There is clearly a pressing need for more diligence around risk placement processes to tackle evolving risks in a high-risk operating environment.
In May this year, the UK FCA sent a letter to all market intermediaries criticising a “poor culture and poor value” for buyers, sharing its concerns at the lack of any real change.
Then in September, the financial watchdog warned insurers to protect customers’ wellbeing during cost of living squeeze from unnecessary products, add-ons or unfair penalties as fears emerged customers may cut back on the insurance they need as a result.
Obstacles to resilience
Instead, as this crisis deepens, cover is being withdrawn and businesses are being priced out of critical covers, a problem exacerbated by broker conflicts of interest. All these issues constitute major obstacles to business resilience.

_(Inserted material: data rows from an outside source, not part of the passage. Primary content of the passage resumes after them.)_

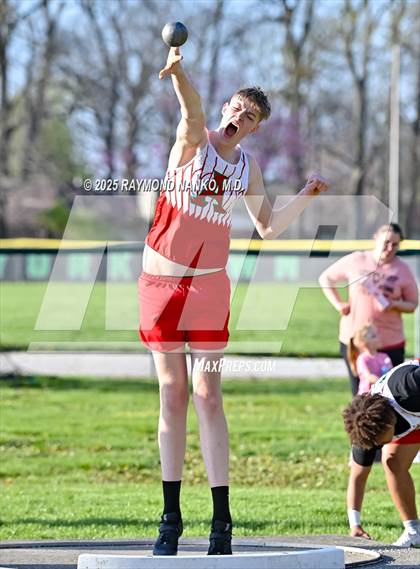 Thumbnail 2 in Yorktown Triangular (Shot Put) photogallery.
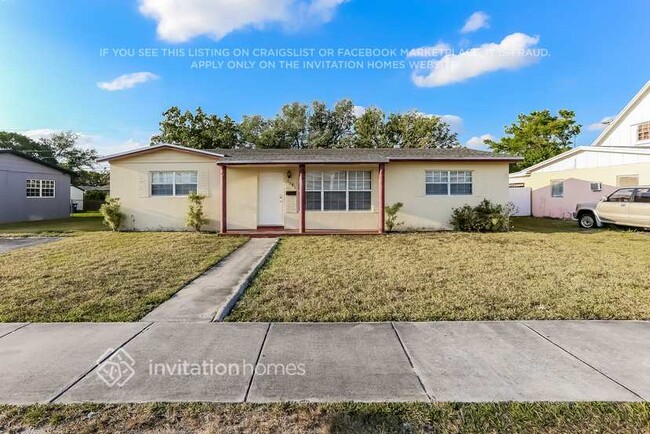 Building Photo - 1281 NW 195th St
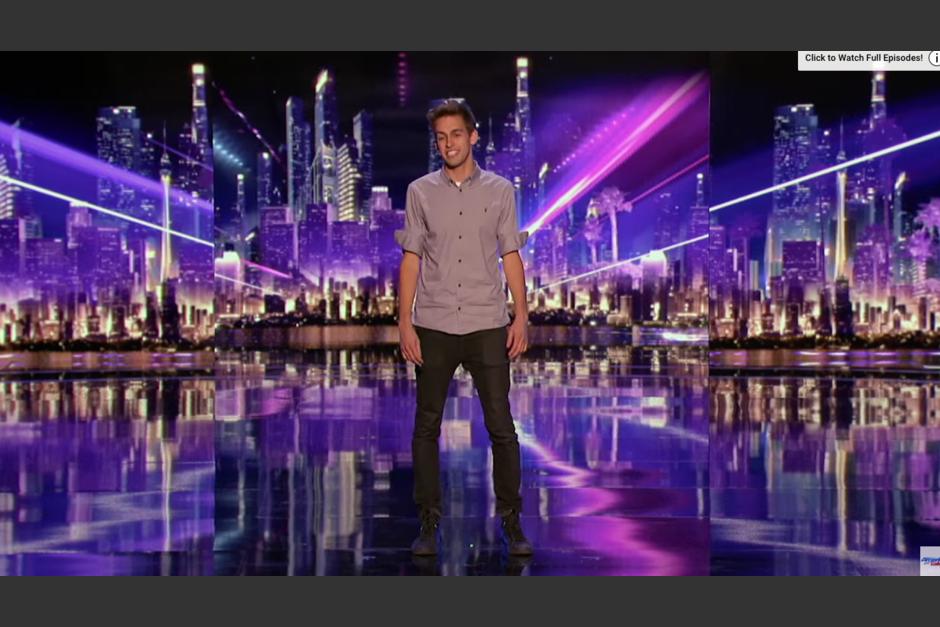 Blake Vogt es el nombre del muchacho que llegó para sorprender a los jueces de America's Got Talent. (Captura Youtube)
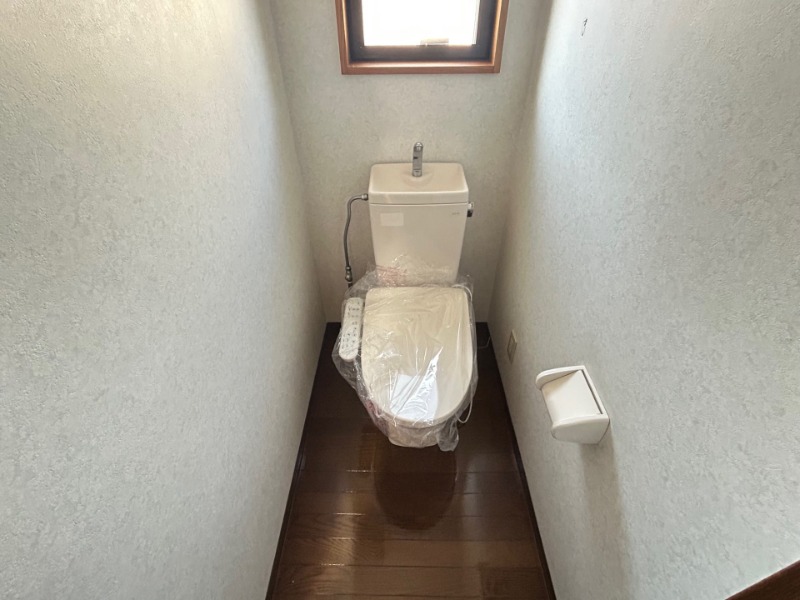 トイレ　同物件別部屋イメージ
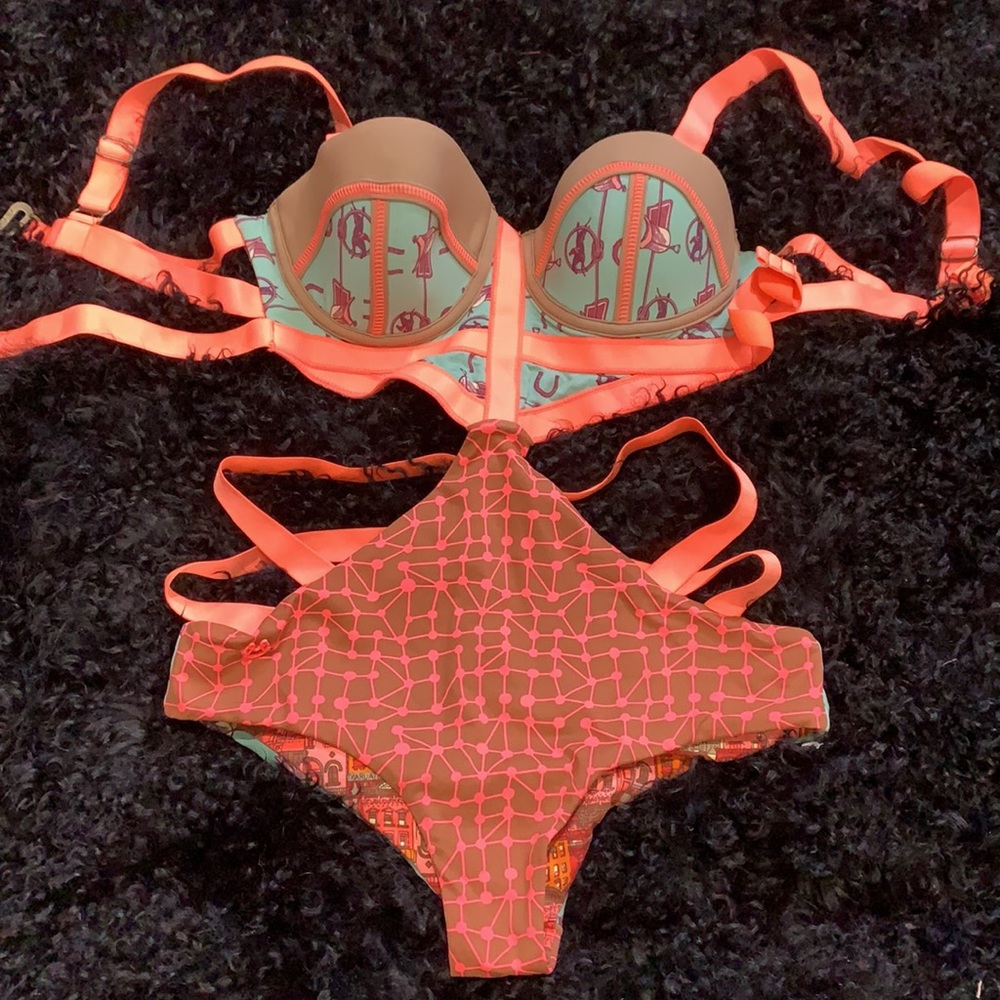 Maaji cut out bath suit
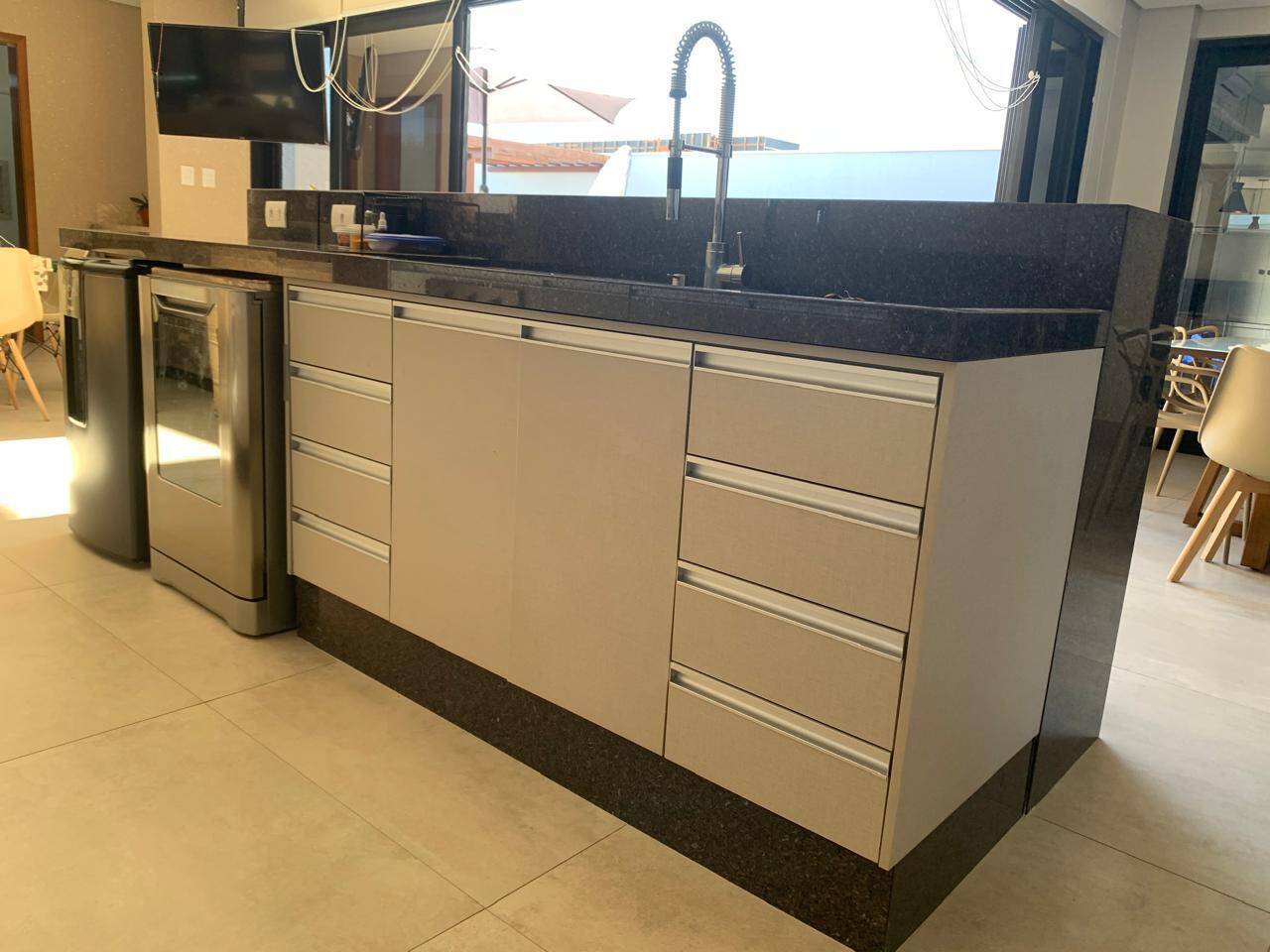 Casa à venda com 3 quartos, 317m² - Foto 8
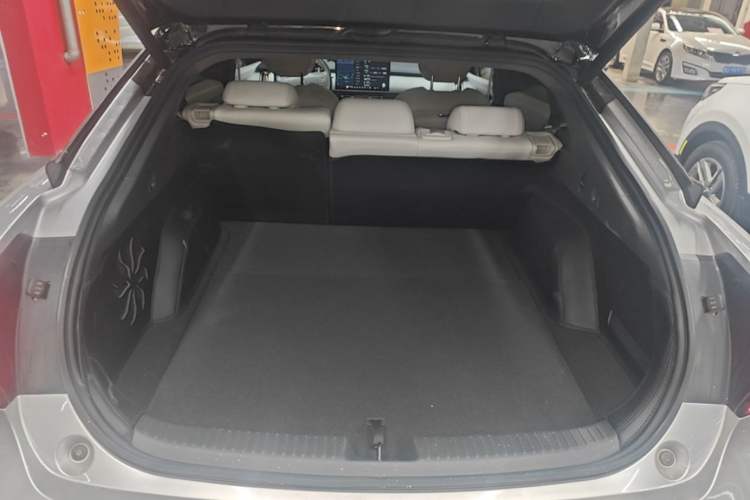 Used XPeng P7+ 2024 Long-Range Max Trunk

The insurance industry is that bedrock, yet this testing time may instead result in an unprecedented loss in confidence in the insurance market as a whole as demonstrated in our survey, with over half of the businesses expecting their insurance programmes to be negatively impacted by the crisis.
The insurance market must now, more than ever, accelerate its transformation to propose adaptable solutions to increasingly volatile risks.
It must demonstrate genuine understanding and create a partnership approach that helps protect against the unpredictable and reduces client risk over time, encouraging good risk management practices rather than a blanket withdrawal of coverage and indiscriminate price increases.
The more partnership-oriented brokers and insurers there are, the greater the opportunity for differentiation and the greater the challenge to the status quo.
Trust and reputation are paramount, and this period of uncertainty must be used to rebuild and refocus. If not, the irreparable reputational damage will continue to be felt for many decades to come.